More exciting changes for Gino’s are coming this year.
“This year is going to be incredible,” said Kreutz. “We’ve got a lot of things in the mix coming up. What we are coming out with this year has been in the process for the last couple of years. It will be a totally new menu and there will be a big advertising launch – so look for it coming out in 2015. We are keeping what we have but changing a few things. I can’t say too much, because, believe me if I say it, 15 other places in town will have it.”
Kreutz entrepreneurial spirit and love of trying new things with food has even intruded on the little downtime that is available to a restaurateur. He owns a cottage up on Devil’s Lake in Michigan. He enjoys boating, fishing, riding his motorcycle and relaxing lakeside. These pleasures have all been put aside in recent years when he opened his second restaurant called Captain Chuck’s.

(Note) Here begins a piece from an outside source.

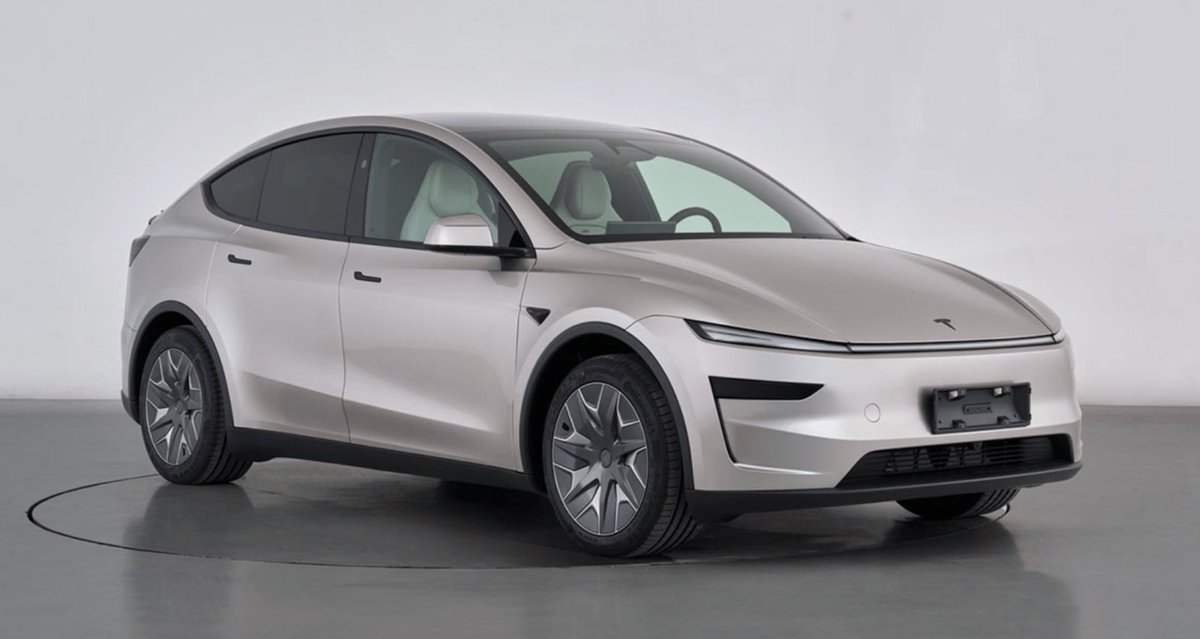 Tsla Chan tweet media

“We were a little disappointed in what was available at that time,” he said. “We found this old dilapidated bar, bought it and redid it. As a foodie, it is a lot of fun up there because there is a wide variety of items and we change the menu constantly.”
Captain Chuck’s offers a diverse menu, including a variety of fish, steaks, even Mexican style food — Taco Tuesday is often their biggest night of the week. Of course a staple on the menu is Gino’s pizza. Although they do not offer all of the specialty pizzas, the Toledo-based pizza now has a foothold in Michigan. As soon as Kreutz heads up north, he ends up at the restaurant.
“Yeah, that restaurant blew the relaxing idea – that was a bad call on my part,” said Kreutz laughing. “We use to have nice quiet weekends, which no longer happens.”
With the expansion to franchising of Gino’s, the addition of his new restaurant in Michigan and the entirely new menu being launched in 2015, relaxing doesn’t seem to be on the horizon for Kreutz anytime soon. But for those who grew up loving Gino’s pizza near campus, or those who enjoy it at the Glass Bowl or Savage Arena, this is probably a very good thing.